The cause of the error could not be found.

Then they began to check the hardware: they carried out load testing of processors; checked RAM; even ran tests for the very unlikely scenario of a multi-bit error in a single cell. To no avail.

In the end, we settled on a theory from the world of high-energy physics: some high-energy particle flew into our data center, pierced the case wall, hit the processor and caused the trigger latch to stick in that very bit. This absurd theory is called "neutrino". If you are far from elementary particle physics: neutrinos almost do not interact with the outside world, and certainly are not able to affect the operation of the processor.

Since it was not possible to find the cause of the failure, just in case, the β€œguilty” server was excluded from operation.

After some time, we began to improve the hot standby system: we introduced the so-called "warm reserves" (warm) - asynchronous replicas. They received a stream of transactions that may be located in different data centers, but at the same time warms did not support active interaction with other servers.

The evolution of the architecture of the trading and clearing system of the Moscow Exchange. Part 2

What was it for? If the standby server fails, then the warm attached to the main server becomes the new standby. That is, after a failure, the system does not remain until the end of the trading session with one main server.

And when the new version of the system was tested and put into operation, the error with the rounding bit occurred again. Moreover, with the increase in the number of warm servers, the error began to appear more often. At the same time, the vendor had nothing to show, since there is no concrete evidence.

During the next analysis of the situation, a theory arose that the problem could be related to the OS. We have written a simple program that calls a function in an infinite loop fesetround, remembers the current state and checks it through sleep, and this is done in many competing threads. Having picked up the parameters of sleep and the number of threads, we began to steadily reproduce the failure of the bits after about 5 minutes of the utility's operation.

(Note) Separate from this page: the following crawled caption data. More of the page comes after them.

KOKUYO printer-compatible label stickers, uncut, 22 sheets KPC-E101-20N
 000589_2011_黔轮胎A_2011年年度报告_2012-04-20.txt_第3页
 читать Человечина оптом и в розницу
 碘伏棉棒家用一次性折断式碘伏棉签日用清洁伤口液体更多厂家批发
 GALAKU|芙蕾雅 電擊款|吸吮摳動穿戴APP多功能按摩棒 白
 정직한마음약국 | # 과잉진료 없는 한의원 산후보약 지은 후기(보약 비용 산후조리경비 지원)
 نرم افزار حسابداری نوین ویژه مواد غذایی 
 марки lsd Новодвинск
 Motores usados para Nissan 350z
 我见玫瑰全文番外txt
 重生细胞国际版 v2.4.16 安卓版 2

However, Red Hat Support was unable to reproduce it. Testing of our other servers showed that only those servers in which certain processors are installed are susceptible to the error. At the same time, switching to a new kernel solved the problem. In the end, we just replaced the OS, and the true cause of the bug remained unexplained.

And suddenly last year an article was published on HabrΓ© β€œHow I found a bug in Intel Skylake processors". The situation described in it was very similar to ours, but the author moved further in the investigation and put forward the theory that the error was in the microcode. And when Linux kernels are updated, manufacturers also update the microcode.

Further development of the system

Although we got rid of the error, this story forced us to reconsider the architecture of the system again. After all, we were not protected from the repetition of such bugs.

The next improvements of the redundancy system are based on the following principles:

  • You can't trust anyone. Servers may not work properly.
  • Majority reservation.
  • Ensuring consensus. As a logical addition to the majority reservation.
  • Double failures are possible.
  • Vitality. The new hot standby scheme should be no worse than the previous one. Trading should go smoothly until the last server.
  • Slight increase in latency. Any downtime entails huge financial losses.
  • Minimal network interaction to keep latency as low as possible.
  • Selecting a new master server in seconds.

None of the solutions available on the market suited us, and the Raft protocol was still in its infancy, so we created our own solution.

The evolution of the architecture of the trading and clearing system of the Moscow Exchange. Part 2

Networking

In addition to the redundancy system, we were engaged in the modernization of network interaction. The I / O subsystem was a lot of processes, which had the worst effect on jitter and latency. With hundreds of processes handling TCP connections, we had to constantly switch between them, and on a microsecond scale, this is quite a long operation. But worst of all, when a process received a packet for processing, it sent it to one SystemV queue and then waited for an event from another SystemV queue. However, with a large number of nodes, the arrival of a new TCP packet in one process and the receipt of data in the queue in another represent two competing events for the OS. In this case, if there are no physical processors available for both tasks, one will be processed, and the second will be queued. It is impossible to predict the consequences.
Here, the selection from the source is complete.